ニコラ・ブーチェビッチ

新スタイルがハマり3ポイントシュート成功率47.4%

ブルズはここまで10勝15敗。開幕前にデマー・デローザンが退団、アレックス・カルーソとジョシュ・ギディーをトレードして若返りを図り、アップテンポなバスケへとスタイルを変えたが、プレーイン圏内だった過去2シーズンよりも勝率を落としている。ここからトレードデッドラインの2月まで、将来に向けたチームのテコ入れを進めることになるだろう。

まだ25試合が経過しただけで、ブルズのすべてが悪いわけではない。ハーフコートバスケで力を発揮するデローザンが抜けだことで採用されたアップテンポなバスケは多くの選手の能力を引き出しており、昨シーズンのチーム得点王だったデローザン(24.0得点)の退団にもかかわらず得点は増えている。ただ、それと同時に失点も急増しているのが勝てない要因だ。

これまでもブルズはデローザン、ザック・ラビーンとニコラ・ブーチェビッチの『ビッグ3』の実力を過大評価してきた。プレーオフ進出がかなわないにもかかわらず、だ。トレード交渉の場でも、ブルズの彼らへの評価が高すぎて話がまとまらず、それがブルズの再建を停滞させた。

今夏、フリーエージェントとなったデローザンは勝てないブルズに見切りを付けて去っていった。『ビッグ3』は崩れたわけだが、ラビーンとブーチェビッチは評価を落としておりトレードできない。だが、ブーチェビッチについては状況が変わりつつある。アップテンポなバスケにフィットし、ここまで21.3得点、9.8リバウンドを記録。フィールドゴール成功率は昨シーズンの48.4%から58.7%に、3ポイントシュート成功率は29.4%から47.4%へと急上昇している。特に3ポイントシュートは試投数が4.1から4.8へと増えているにもかかわらず大幅に効率が良くなっている。

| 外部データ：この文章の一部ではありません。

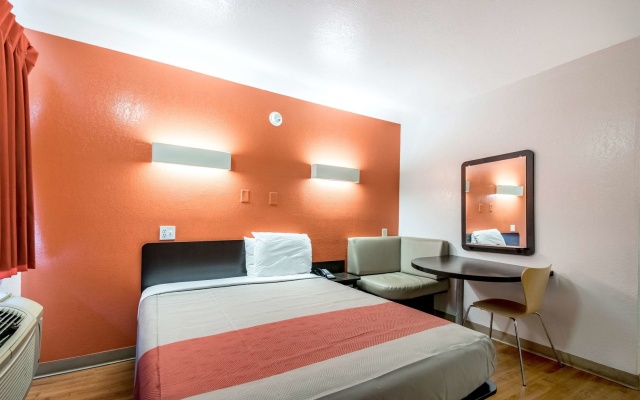 photo 3 of Rest Inn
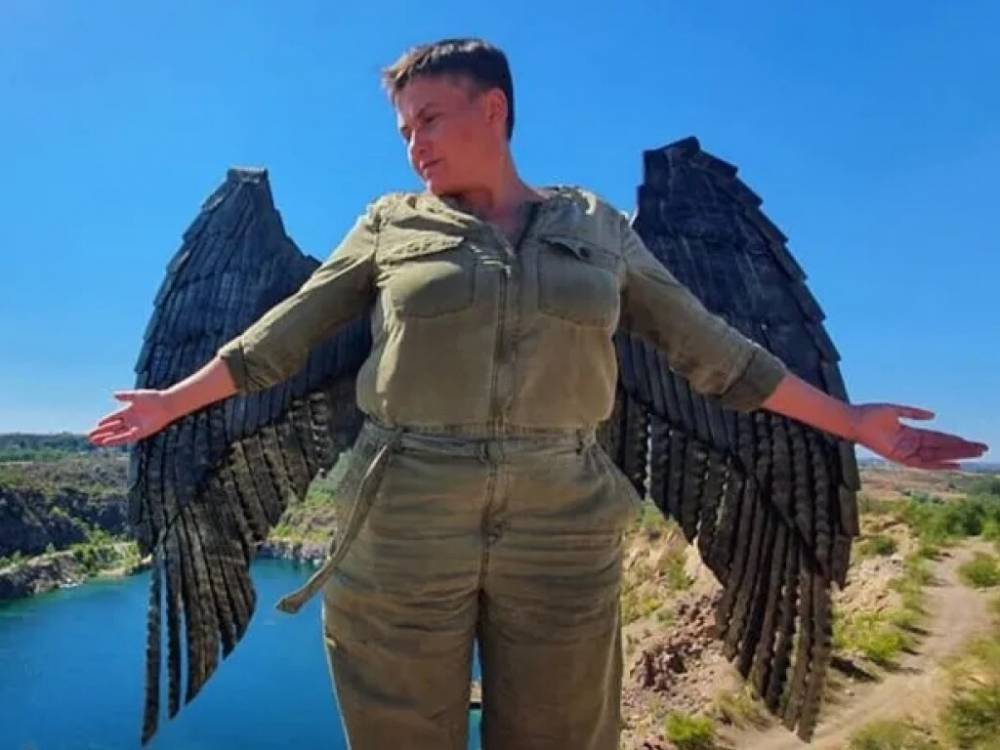 «Надя Люфтваффе»: пользователи затролили Надежду Савченко за «фотошоп» с крыльями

34歳と若くはないが、契約最終年となる来シーズンの年俸は2150万ドル(約32億円)で、リスクの少ない『お買い得』な選手へと変貌した。トレード市場で彼を求めるチームは複数現れるだろう。サラリータックスの基準を下回るブルズは、上位チームのサラリーを引き受けることも可能で、これを組み合わせればブーチェビッチの取り引きは非常に魅力的なものとなる。

一方でラビーンは5年2億1500万ドル(約320億円)の高額契約が2027年まで残っており、トレードを成立させるのは難しい。それでも足を手術して25試合にしか出場できなかった昨シーズンから復活を果たし、選手としての評価は回復しつつある。

これまでブルズはチームの変化に消極的すぎて、それが長きに渡る低迷を招いた。過去9シーズンでプレーオフ進出わずか2回、その両方ともファーストラウンド敗退。ブルズはマイケル・ジョーダンの黄金期が終わった後、2004年から11シーズンで10回のプレーオフ進出と東カンファレンスの強豪であり続けた。黄金期再来とは言わずとも、プレーオフの常連としての姿を取り戻せるか。ここから2月まで、そして今シーズン終了後の動きは、ブルズの将来を大きく左右するものとなる。